Exercise brief – Look below. Copy each line that has "southmilfordcc" in it.

====== Data to examine ======

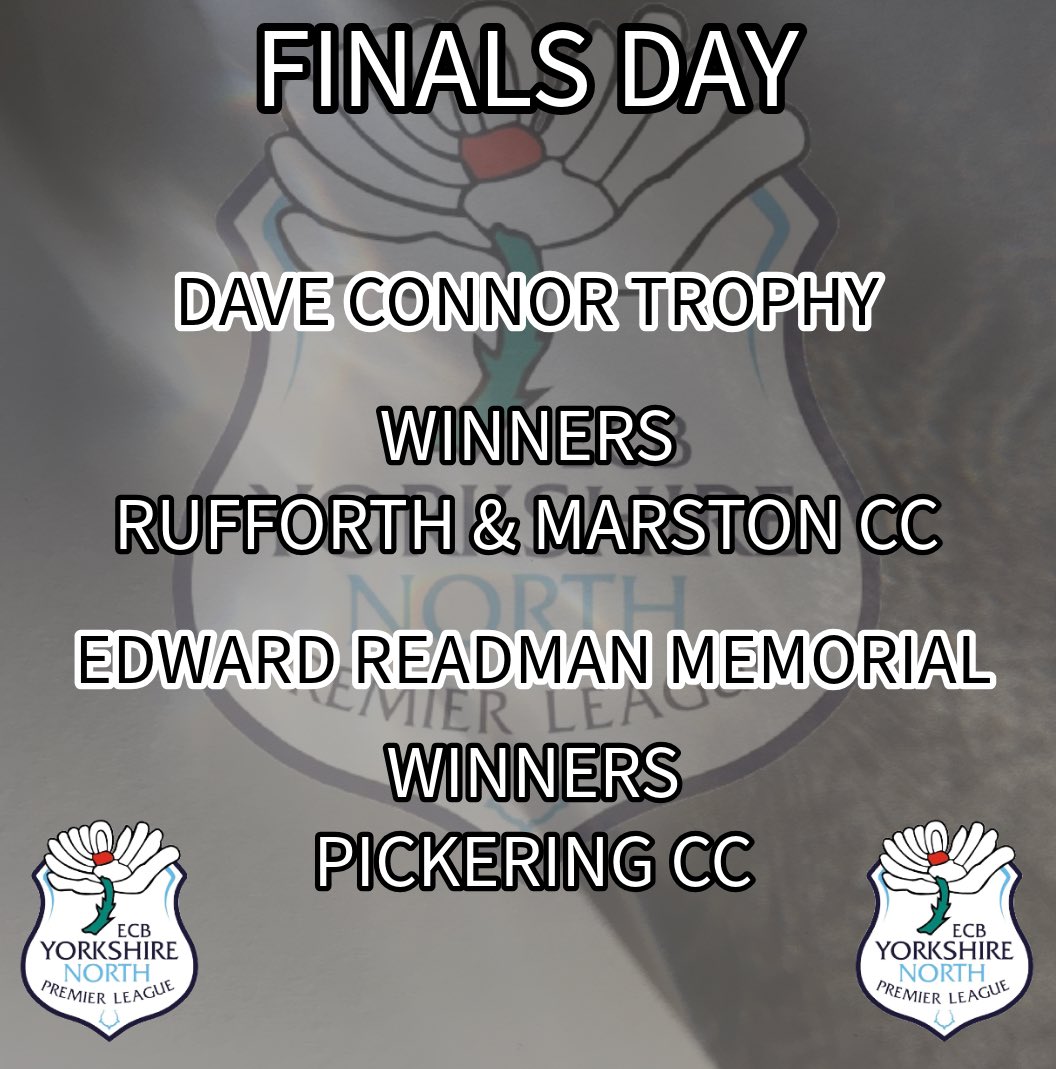 Yorkshire Premier League North (@yplncricket) on Twitter photo Huge thank you to <a href="/FairburnCC/">Fairburn CC</a> for hosting our 2 finals yesterday
Congratulations to <a href="/RMBadgersCC/">Rufforth and Marston CC</a> who edged by <a href="/WoodhouseGrange/">Woodhouse Grange Cricket Club</a> in our 1st final
<a href="/cc_pickering/">Pickering CC</a> came out on top against <a href="/southmilfordcc/">South Milford CC</a> in the afternoon Huge thank you to <a href="/FairburnCC/">Fairburn CC</a> for hosting our 2 finals yesterday
Congratulations to <a href="/RMBadgersCC/">Rufforth and Marston CC</a> who edged by <a href="/WoodhouseGrange/">Woodhouse Grange Cricket Club</a> in our 1st final
<a href="/cc_pickering/">Pickering CC</a> came out on top against <a href="/southmilfordcc/">South Milford CC</a> in the afternoon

======

Answer space –
<a href="/cc_pickering/">Pickering CC</a> came out on top against <a href="/southmilfordcc/">South Milford CC</a> in the afternoon Huge thank you to <a href="/FairburnCC/">Fairburn CC</a> for hosting our 2 finals yesterday
<a href="/cc_pickering/">Pickering CC</a> came out on top against <a href="/southmilfordcc/">South Milford CC</a> in the afternoon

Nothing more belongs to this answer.